Ara from Artsakh: Turning Down Deferment to Serve in the Army
18-year-old Ara received a military deferment – he weighed 43 kilograms – just shy of the 45 kilograms required to serve in the Artsakh Defense Army.
But Ara didn’t want to put it off, so he wrote to the Artsakh Minister of Defense, asking that he be conscripted.
His request was approved and now Ara, who hails from the Martakert village of Mokhratagh and once worked at the Martakert water utility, is now a private in the army.
“There’s nothing to be sad about. The army holds a special place for every Artsakh native. At times it seems that we are born in the army,” says Ara, who also attended the Grigor Narekatsi University in Stepanakert, taking military preparatory classes. He wants to remain in the army and become an officer.
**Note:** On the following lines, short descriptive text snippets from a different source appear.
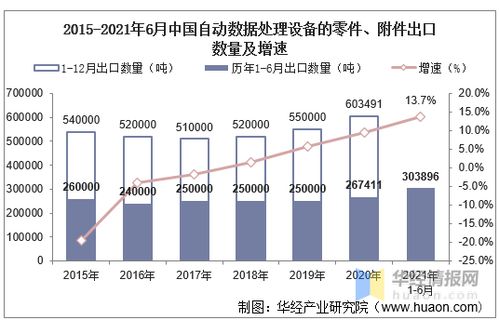2021年6月中國(guó)自動(dòng)數(shù)據(jù)處理設(shè)備零件與附件出口數(shù)據(jù)統(tǒng)計(jì)及基礎(chǔ)軟件服務(wù)前景分析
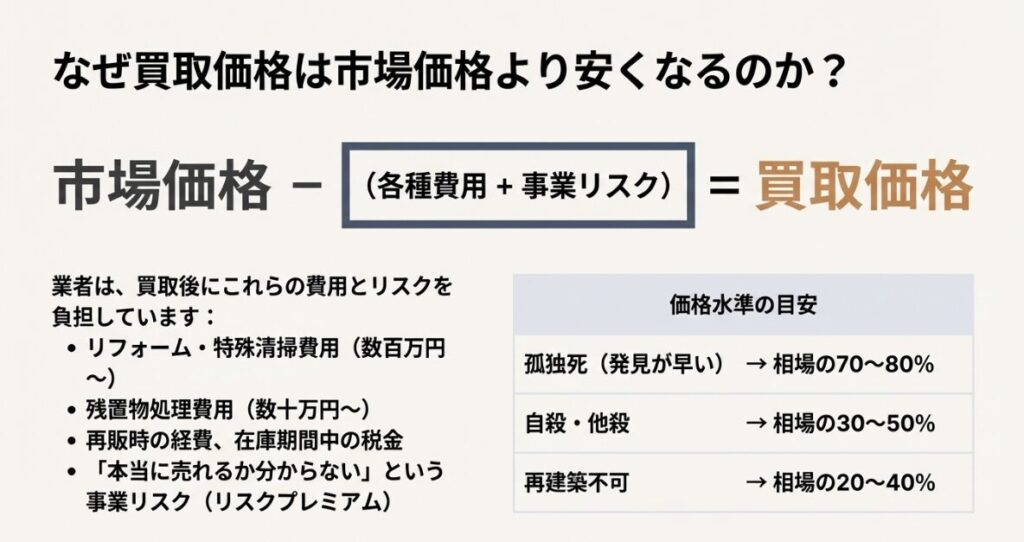 市場価格から経費とリスクを差し引いた買取価格の計算式と価格水準の目安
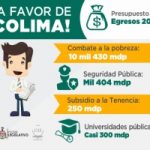 COLIMA NOTICIAS 300X250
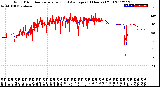 Milwaukee Weather Wind Direction<br>Normalized and Average<br>(24 Hours) (Old)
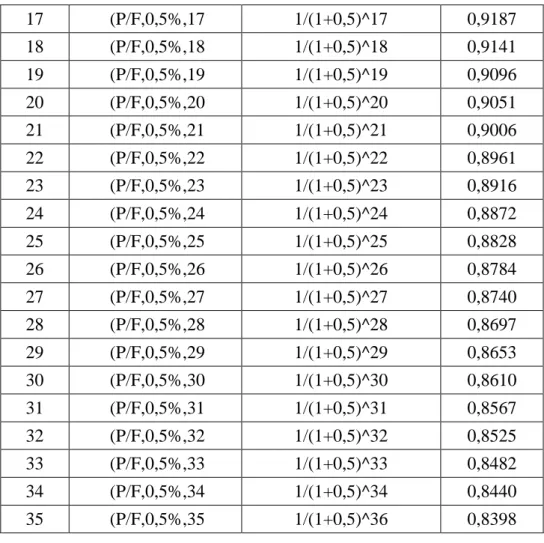 Tabel 4.4. Perhitungan PWB (Benefit) Dengan Suku Bunga 5,71% Per Tahun 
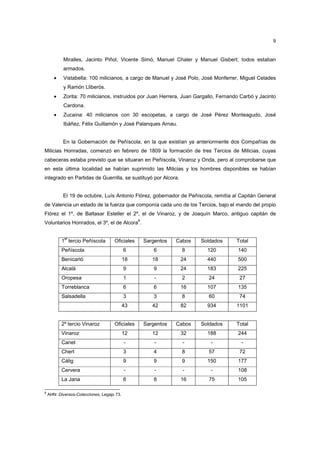 9

Miralles, Jacinto Piñol, Vicente Simó, Manuel Chaler y Manuel Gisbert; todos estaban
armados.
•

Vistabella: 100 milicianos, a cargo de Manuel y José Polo, José Monferrer, Miguel Celades
y Ramón Lliberós.

•

Zorita: 70 milicianos, instruidos por Juan Herrera, Juan Gargallo, Fernando Carbó y Jacinto
Cardona.

•

Zucaina: 40 milicianos con 30 escopetas, a cargo de José Pérez Monteagudo, José
Ibáñez, Félix Guillamón y José Palanques Arnau.

En la Gobernación de Peñíscola, en la que existían ya anteriormente dos Compañías de
Milicias Honradas, comenzó en febrero de 1809 la formación de tres Tercios de Milicias, cuyas
cabeceras estaba previsto que se situaran en Peñíscola, Vinaroz y Onda, pero al comprobarse que
en esta última localidad se habían suprimido las Milicias y los hombres disponibles se habían
integrado en Partidas de Guerrilla, se sustituyó por Alcora.

El 19 de octubre, Luís Antonio Flórez, gobernador de Peñíscola, remitía al Capitán General
de Valencia un estado de la fuerza que componía cada uno de los Tercios, bajo el mando del propio
Flórez el 1º, de Baltasar Esteller el 2º, el de Vinaroz, y de Joaquín Marco, antiguo capitán de
8

Voluntarios Honrados, el 3º, el de Alcora .
er

1 tercio Peñíscola

Oficiales

Sargentos

Cabos

Soldados

Total

Peñíscola

6

6

8

120

140

Benicarló

18

18

24

440

500

Alcalá

9

9

24

183

225

Oropesa

1

-

2

24

27

Torreblanca

6

6

16

107

135

Salsadella

3

3

8

60

74

43

42

82

934

1101

Oficiales

Sargentos

Cabos

Soldados

Total

12

12

32

188

244

Canet

-

-

-

-

-

Chert

3

4

8

57

72

Cálig

9

9

9

150

177

Cervera

-

-

-

-

108

La Jana

6

8

16

75

105

2º tercio Vinaroz
Vinaroz

8

AHN: Diversos-Colecciones, Legajo 73.

 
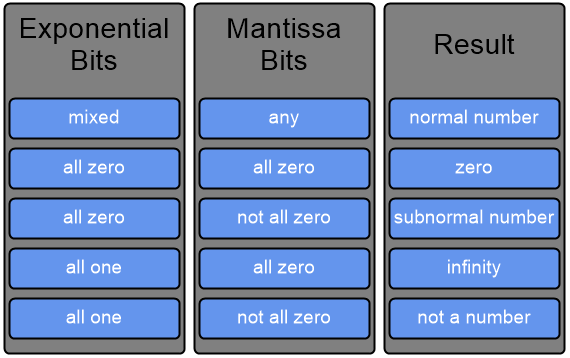 Different combo of Mantissa and Exponent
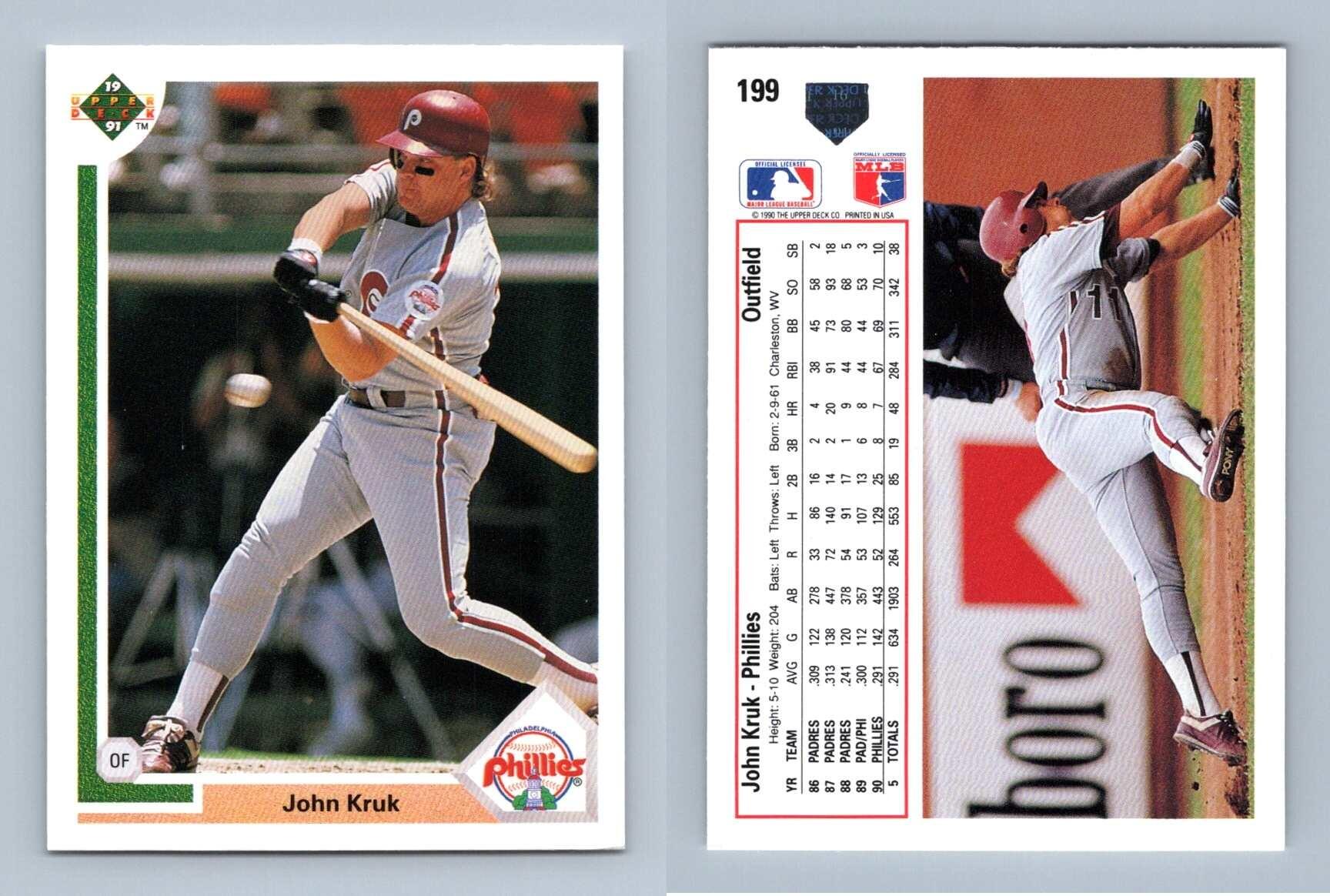 John Kruk - Trading/Sports Card Signed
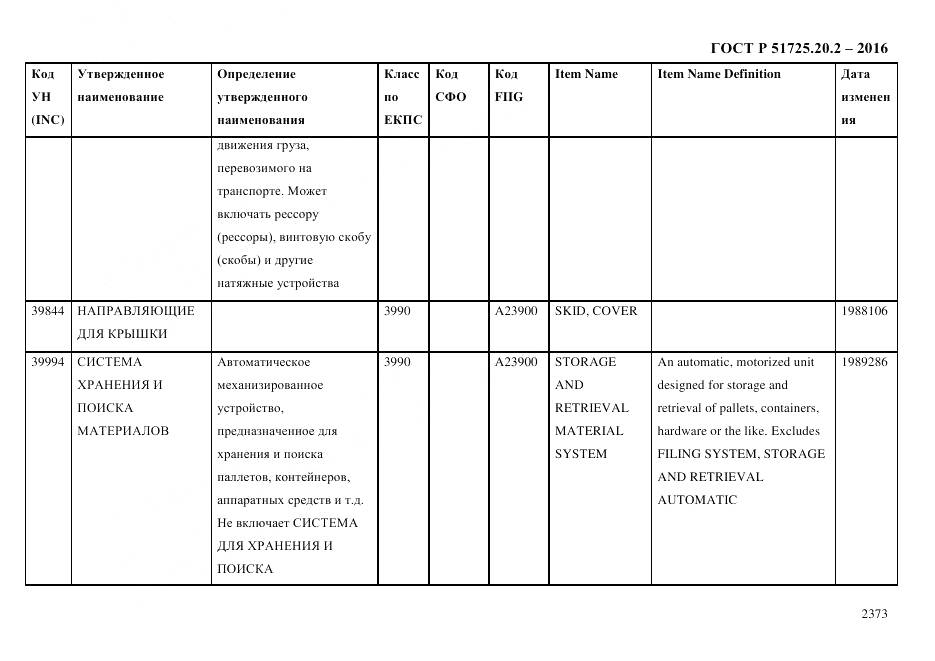 ГОСТ Р 51725.20.2-2016, страница 2385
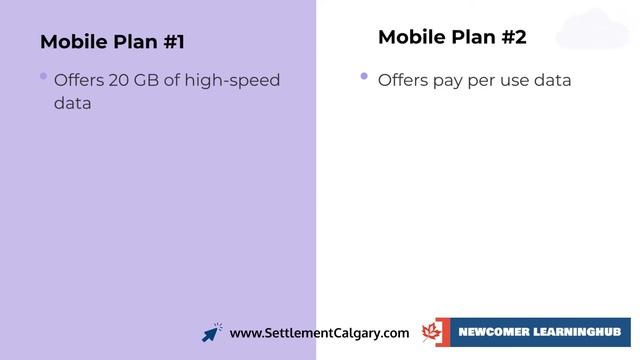 How to Get a Phone Number in Canada смотреть онлайн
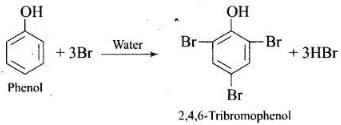NCERT Exemplar: Alcohols, Phenols & Ethers | Chemistry Class 12 - NEET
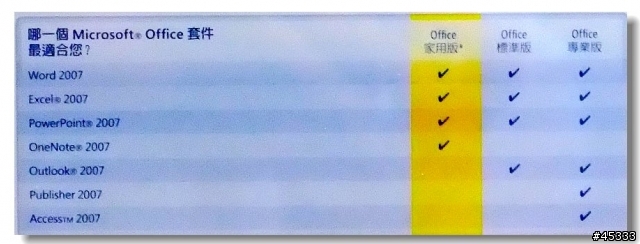 燦坤會招入手Microsoft Office 家用版 2007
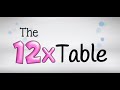 Quiz over de 12-tafels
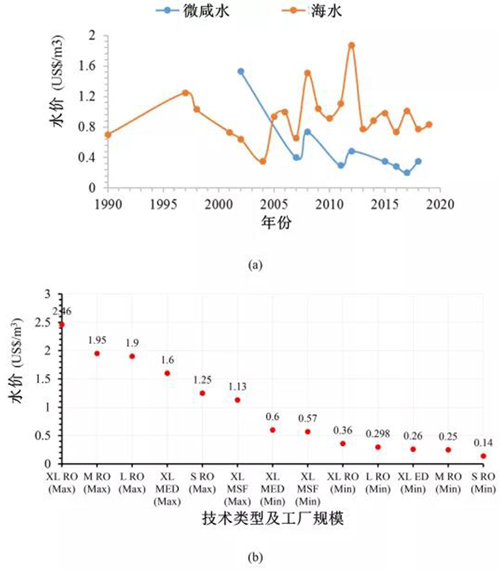 数据分析：2020年全球海水淡化最新进展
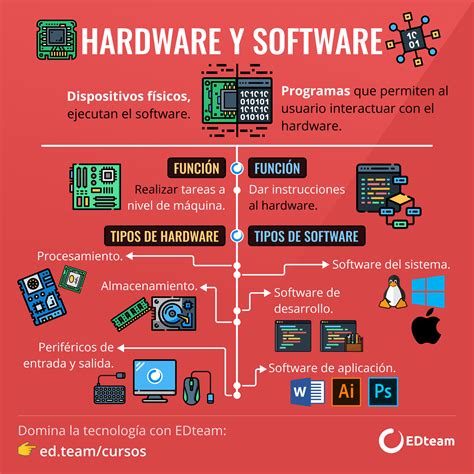 Hardware Y Software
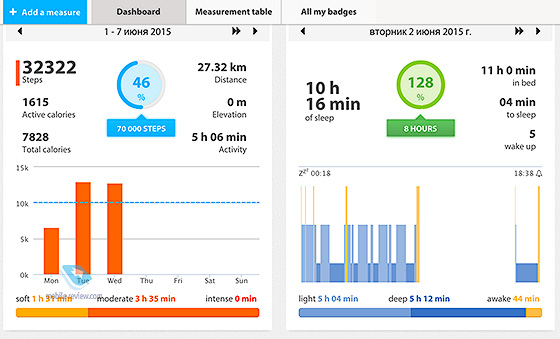 Withings Activite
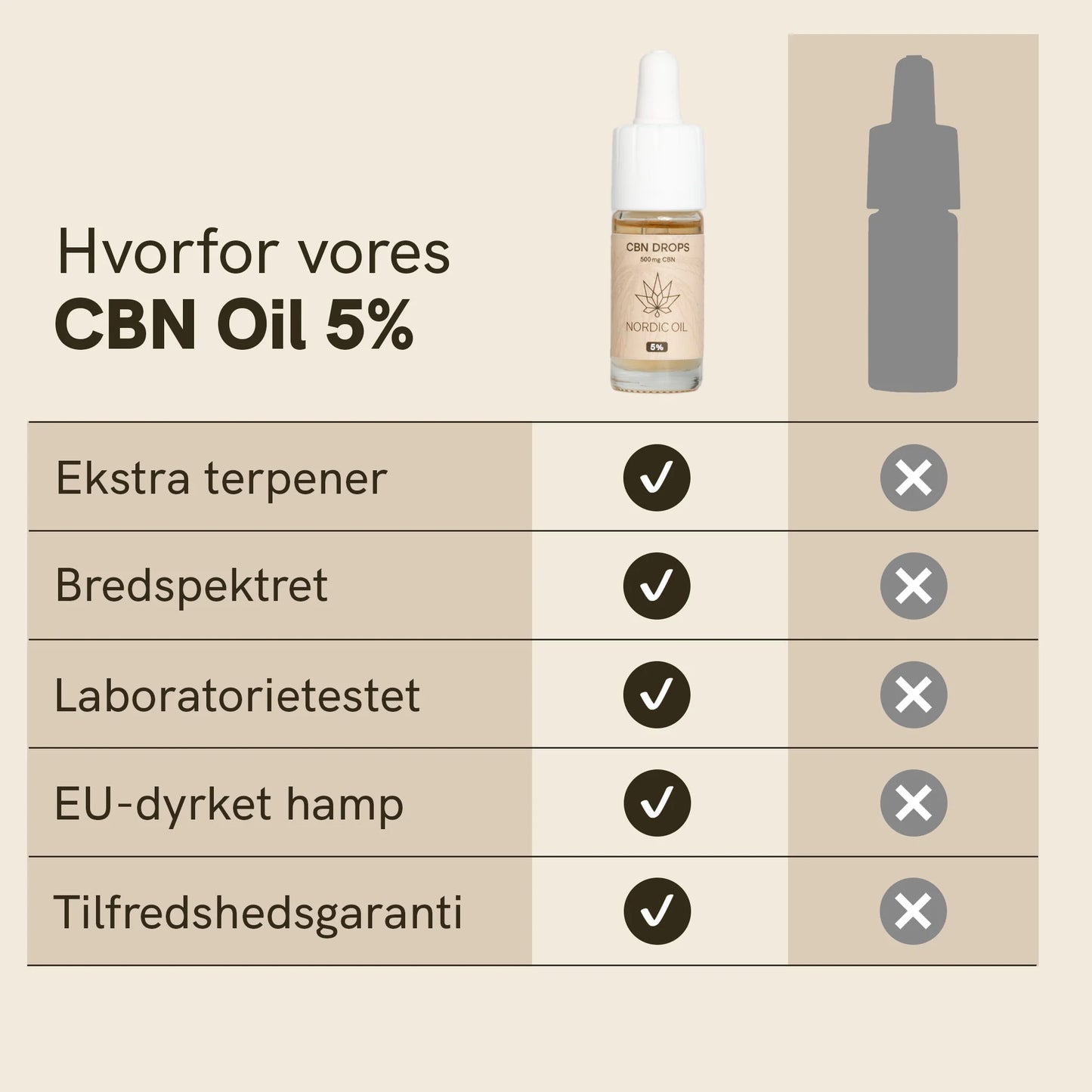 Infografik: Nordic Oil CBN Oil 5% med flaske og fordelstabel (ekstra terpen, bredspektret, laboratorietestet, EU-dyrket hamp, tilfredshedsgaranti).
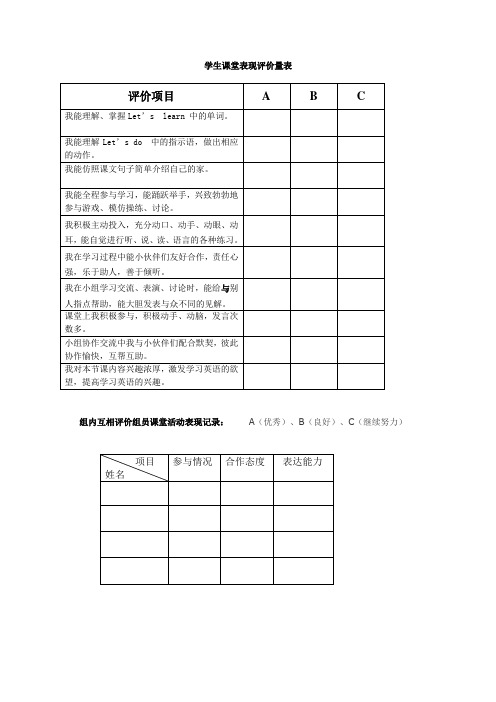 学生课堂表现评价量表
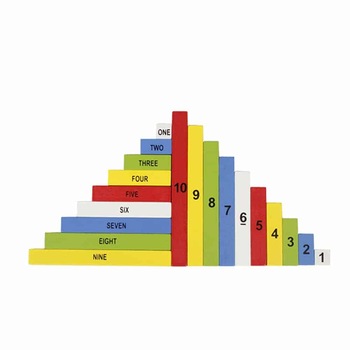 Joc Montessori Din Lemn Bete De Matematica - Krista® Joc Montessori Din Lemn Bete De Matematica - Krista®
“Our village is five kilometers from Martakert. I’d go to the city with my brother, another contract soldier. Work at the utility was good. It was better than doing nothing,” says Ara.
Soon after my conversation with Ara, the lottery to decide where he’d serve was begun.
We then travelled to the military base where officers were waiting to greet the new conscripts and show them around. They were issued clothes and a cot.
Ara confesses that he was a bit anxious after entering the gates of the army base and then gazing back. The butterflies in his stomach have passed, he says.
Leaving the base, I and the Hetq photographer see a few other new conscripts sitting in the corridor all in a line. They’re all holding booklets.
One guy is reading the bible, the other, the Artsakh national anthem. Others are brushing up on their duties as soldiers.
No one is talking.
The only sounds I hear are from a sergeant barking orders on the parade grounds outside.